I'm working on modifying a working Flask application I've been using to serve an ML model to now serve predictions from a new, updated model.
The model is an sklearn pipeline object I've trained and serialized using the Pickle library. It includes several Column Transformer steps, Imputation, Encoding, and finally a Prediction step. With the way some of the custom Column Transformers are written, it's important that the output of each intermediate step is a Pandas Dataframe rather than an array, which is how the model was trained and serialized.
Here's where it starts to get weird:
- When I load and make a prediction with the Model in what I understand to be the "application context," the Pipeline works as expected and returns a prediction.

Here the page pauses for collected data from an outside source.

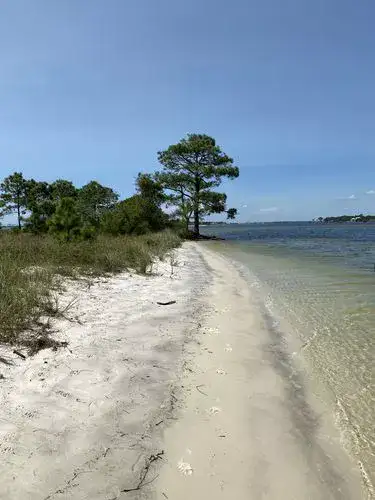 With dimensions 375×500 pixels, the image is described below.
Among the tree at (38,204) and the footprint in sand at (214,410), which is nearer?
the footprint in sand at (214,410)

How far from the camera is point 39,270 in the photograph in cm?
909

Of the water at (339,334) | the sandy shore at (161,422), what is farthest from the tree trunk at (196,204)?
the sandy shore at (161,422)

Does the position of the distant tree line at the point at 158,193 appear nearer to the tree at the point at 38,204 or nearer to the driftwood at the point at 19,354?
the tree at the point at 38,204

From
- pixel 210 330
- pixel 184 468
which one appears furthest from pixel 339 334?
pixel 184 468

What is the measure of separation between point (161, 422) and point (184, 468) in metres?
0.68

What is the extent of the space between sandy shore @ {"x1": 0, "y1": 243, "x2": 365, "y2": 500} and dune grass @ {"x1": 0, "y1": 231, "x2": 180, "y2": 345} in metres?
0.53

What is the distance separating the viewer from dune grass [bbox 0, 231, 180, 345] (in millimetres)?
5531

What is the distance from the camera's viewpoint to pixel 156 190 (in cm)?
4156

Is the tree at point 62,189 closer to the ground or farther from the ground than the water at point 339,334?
farther from the ground

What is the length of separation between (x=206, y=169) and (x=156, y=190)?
636 cm

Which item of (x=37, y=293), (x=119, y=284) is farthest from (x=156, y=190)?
(x=37, y=293)

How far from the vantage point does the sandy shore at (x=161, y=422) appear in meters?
2.86

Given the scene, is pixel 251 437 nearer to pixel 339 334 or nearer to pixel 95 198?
pixel 339 334

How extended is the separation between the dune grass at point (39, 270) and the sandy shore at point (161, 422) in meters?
0.53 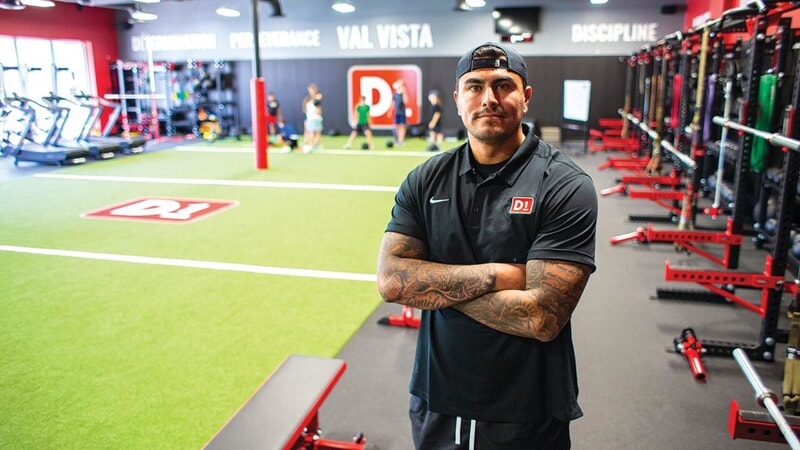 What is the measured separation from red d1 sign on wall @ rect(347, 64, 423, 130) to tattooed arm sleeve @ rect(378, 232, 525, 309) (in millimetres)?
14453

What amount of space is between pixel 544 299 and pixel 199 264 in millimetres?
4399

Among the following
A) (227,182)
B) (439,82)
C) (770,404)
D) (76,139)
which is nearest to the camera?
(770,404)

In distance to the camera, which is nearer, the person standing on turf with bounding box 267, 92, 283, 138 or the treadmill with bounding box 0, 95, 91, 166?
the treadmill with bounding box 0, 95, 91, 166

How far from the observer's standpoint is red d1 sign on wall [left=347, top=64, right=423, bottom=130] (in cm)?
1605

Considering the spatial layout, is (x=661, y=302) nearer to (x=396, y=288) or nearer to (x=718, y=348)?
(x=718, y=348)

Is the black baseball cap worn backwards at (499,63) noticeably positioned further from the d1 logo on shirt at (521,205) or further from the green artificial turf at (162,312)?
the green artificial turf at (162,312)

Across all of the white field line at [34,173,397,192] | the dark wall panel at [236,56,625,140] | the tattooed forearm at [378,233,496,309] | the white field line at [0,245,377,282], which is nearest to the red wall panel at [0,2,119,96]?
the dark wall panel at [236,56,625,140]

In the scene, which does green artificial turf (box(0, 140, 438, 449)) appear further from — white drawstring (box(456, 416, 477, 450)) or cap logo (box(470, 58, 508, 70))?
cap logo (box(470, 58, 508, 70))

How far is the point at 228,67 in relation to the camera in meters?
16.8

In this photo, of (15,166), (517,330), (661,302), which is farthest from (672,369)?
(15,166)

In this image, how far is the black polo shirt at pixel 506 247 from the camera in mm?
1560

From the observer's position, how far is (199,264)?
5352 millimetres

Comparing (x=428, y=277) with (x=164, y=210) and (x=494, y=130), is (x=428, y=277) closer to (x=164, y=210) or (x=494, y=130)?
(x=494, y=130)

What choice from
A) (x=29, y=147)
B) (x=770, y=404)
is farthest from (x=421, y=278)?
(x=29, y=147) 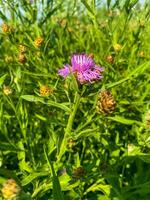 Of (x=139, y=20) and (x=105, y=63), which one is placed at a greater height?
(x=139, y=20)

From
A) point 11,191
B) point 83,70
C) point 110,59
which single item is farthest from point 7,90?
point 11,191

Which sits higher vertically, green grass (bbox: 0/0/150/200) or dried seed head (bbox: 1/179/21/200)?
green grass (bbox: 0/0/150/200)

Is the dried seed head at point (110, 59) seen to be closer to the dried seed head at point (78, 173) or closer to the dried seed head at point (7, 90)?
the dried seed head at point (7, 90)

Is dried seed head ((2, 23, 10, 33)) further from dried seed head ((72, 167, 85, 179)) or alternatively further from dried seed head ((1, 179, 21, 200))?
dried seed head ((1, 179, 21, 200))

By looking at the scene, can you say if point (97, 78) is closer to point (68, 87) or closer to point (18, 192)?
point (68, 87)

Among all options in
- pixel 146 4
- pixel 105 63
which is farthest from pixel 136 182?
pixel 146 4

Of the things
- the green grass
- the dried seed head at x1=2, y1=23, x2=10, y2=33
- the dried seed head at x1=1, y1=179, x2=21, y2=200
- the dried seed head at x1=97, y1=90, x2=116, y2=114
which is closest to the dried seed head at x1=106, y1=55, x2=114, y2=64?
the green grass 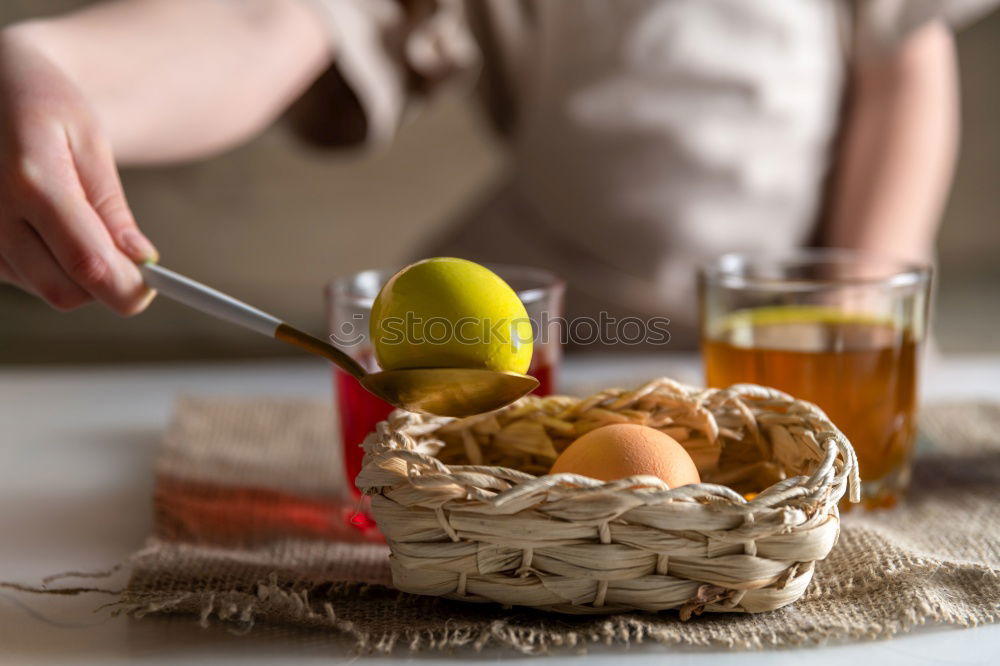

- When I use the same loaded Model with the same data in a request context, the intermediate Pipeline steps don't return Pandas outputs, causing the Pipeline to fail once the second step is reached and looks for column names that don't exist in the array output.
My questions are:
- Why is this behavior different in each of these two contexts?
- How can I solve this problem without going back to reconfigure the pipeline to use arrays instead and retraining--which I don't want to do for several reasons.
- Is there a way I can configure the setting "sklearn.set_config(transform_output="pandas")" just in the request context?
Here's my basic code:
import os
import pickle
import pandas as pd
from flask import (Flask, redirect, make_response)
import logging
#define app
app = Flask(__name__)
# load the trained Model
model = pickle.load(open("model.pkl"), "rb")
# load test record
test_record = pd.read_csv("test_record.csv")
# Make a prediction using the model and test record. This step works.
try:
model.predict(test_record)
except Exception as e:
log.debug(str(e), stack_info=True)
@app.route('/predict')
def predict():
# Make a prediction using the model and test record. This step *doesn't* work.
try:
prediction = model.predict(test_record)
except Exception as e:
log.debug(str(e), stack_info=True)
return make_response('Test Record Prediction: ' + str(prediction),200)
# Start the Flask app
if __name__ == '__main__':
if os.environ['ENV'] in {'local','local_w_db','DEV'}:
app.run(debug=True)
else:
app.run()
Environment Specs:
python==3.11.7
Flask==3.0.1
scikit-learn==1.3.2
scikit-learn-intelex==2023.2.1
scipy==1.11.4
pandas==2.1.4
category_encoders==2.6.3
werkzeug==3.0.1
joblib==1.2.0
I've tried:
- Running the model both within and outside of the request context.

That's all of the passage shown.